Pursuant to clauses 31 and 32 of the Research Involving Embryos Bill 2002, rights are granted to seek review of decisions of the NHMRC Licensing Committee. Clause 31 lists those eligible persons who have standing to seek review. Clause 32 presently allows licence applicants and licence holders to seek review of the decisions listed in clause 32. This amendment seeks to make it clear that, as well as applicants for licences and licence holders, any other interested party should have standing to appeal decisions of the NHMRC Licensing Committee, including present or former owners of embryos, interest groups and members of the public at large acting in the public interest.

There are two basic arguments as to why you would have such an admittedly extensive review or list of persons who might be given appeal rights. Firstly, it is one of inclusion and equity and, secondly, it is an issue of transparency and accountability. In the discussion on this debate a range of allegations have been made as to the bona fides, the activities or the appropriateness of a range of commercial organisations, the role of the NHMRC itself, the role of the AHEC and the role of government agencies. There has been considerable questioning as to the bona fides of many of those organisations, let alone organisations involved in universities in the private sector who seek to make commercial gain from the research activities and opportunities that derive from that.

One of the best ways to put that whole debate in context—in balance—is to have full disclosure and full accountability, full transparency of activities, the reasons for licences being granted and the reasons for licences being rejected. Those who have a commercial interest, an ethical interest, a matter which is of interest to the public at large—or any other interest that has some substance perhaps worthy of articulation—should be allowed, when they feel aggrieved, to participate and to exercise rights in the appeal procedure through to the AAT. That process of discussion, of disclosure of information, of exercising rights, of putting arguments will, in the final analysis, be the catalyst that resolves competing interests and competing differences that have emerged in this debate.

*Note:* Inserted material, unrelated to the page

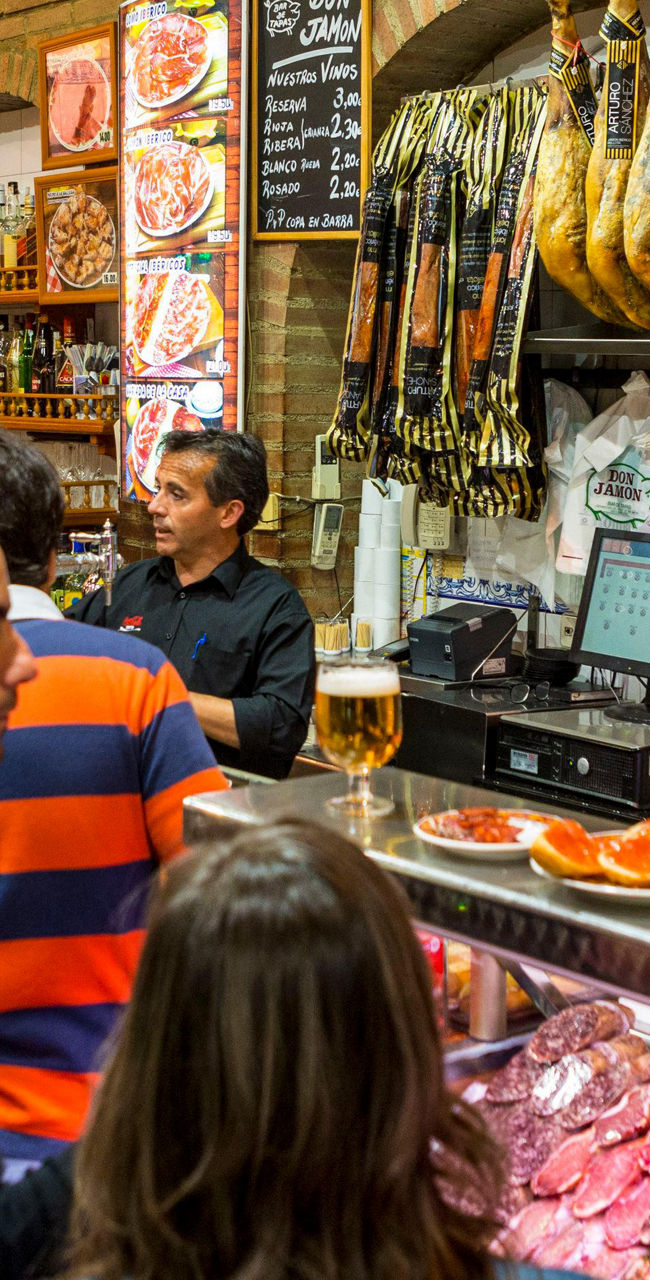 Busy deli with hanging cured meats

Some would suggest, in response, that the amendment is framed too widely and that the process of appeal of review, as a consequence, would be too long or too time consuming. My response to that in anticipation is simply that a wide list of applicants who can seek reviews of the licensing committee decision will see, over time, full information being put on the public record—not allegations or aspersions or a range of conspiracy theories. Full information results in full disclosure, and full disclosure results in full and open debate, and eventual and final resolution of conflicting arguments. That is a proposition which I have long held to. It is better to have the debate open and out there; people can put their point of view, issues can be discussed and resolved, and the community and those who have interests can move on.

Secondly, the argument will be put that if the list of applicants seeking review rights is too wide or too long it will be too time consuming and hence costly to the public purse as a range of people manufacture arguments to put a case who really have no interest in or role to play outside that of licence holders, aggrieved applicants, embryo owners or a range of ethnical groups. My simple response to that is that the rules of the AAT, as indeed for nearly all administrative law agencies, contain provisions that applications that are vexatious, litigious or frivolous can be dismissed ab initio—they can be dismissed at any time of proceedings. If any individual or group sought to engage in recurring conduct contrary to the spirit implicit in appeal rights being given or granted to aggrieved parties to the AAT, eventually that tribunal would exercise the rule or the powers that it has been given to dismiss—and properly so—such applications. I commend the amendment before the chamber.